Having received a formal education in Finance, I was once a believer in the almighty stock market; I am now somewhat of an apostate. My general skepticism of investments in the stock market has been ridiculed by friends in the financial industry. I am called neurotic because I find it difficult to invest my hard-earned money in assets which are sometimes intangible, complex and managed by people I don't know -- and a simpleton for preferring plain ol' real estate to any sophisticated Wall Street concoction. However, as will be demonstrated in the following comparison of the Toronto Stock Exchange and the Montreal real estate market, there is something to be said for this simple, yet timeless investment.

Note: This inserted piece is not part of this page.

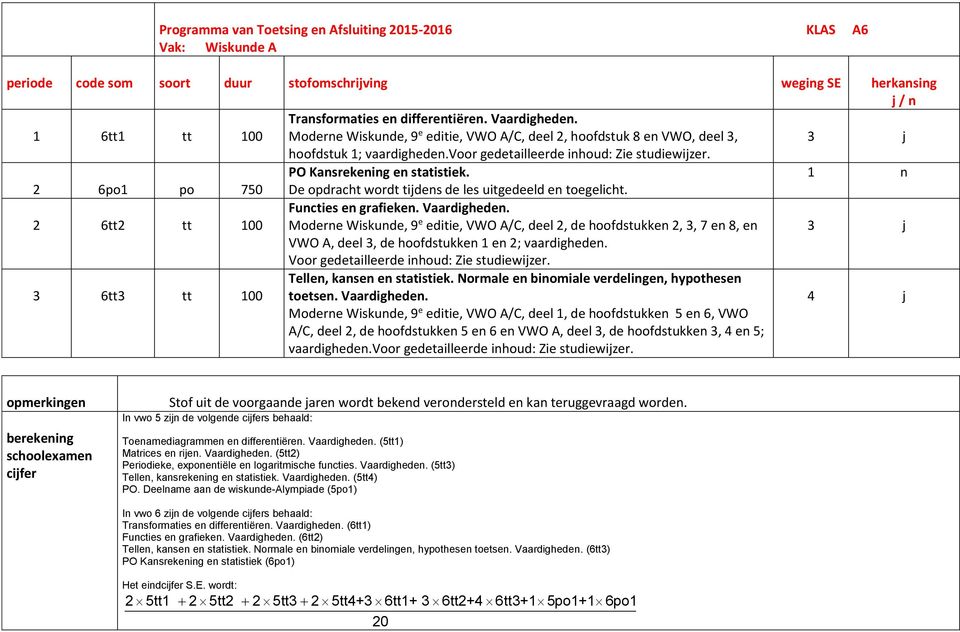 1 n 2 6po1 po 750 De opdracht wordt tijdens de les uitgedeeld en toegelicht. 2 6tt2 tt 100 Functies en grafieken. Vaardigheden.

Comparing real estate returns with market returns poses certain challenges. Total returns of a financial asset are comprised of capital gains and dividends, but the latter is difficult to estimate in the real estate market. Dividends of a stock are analogous to the Net Operating Income (NOI) of a property (after reserves). Unfortunately, the rental market is quite opaque and the average "dividend rates" of residential real estate have not been recorded throughout the years.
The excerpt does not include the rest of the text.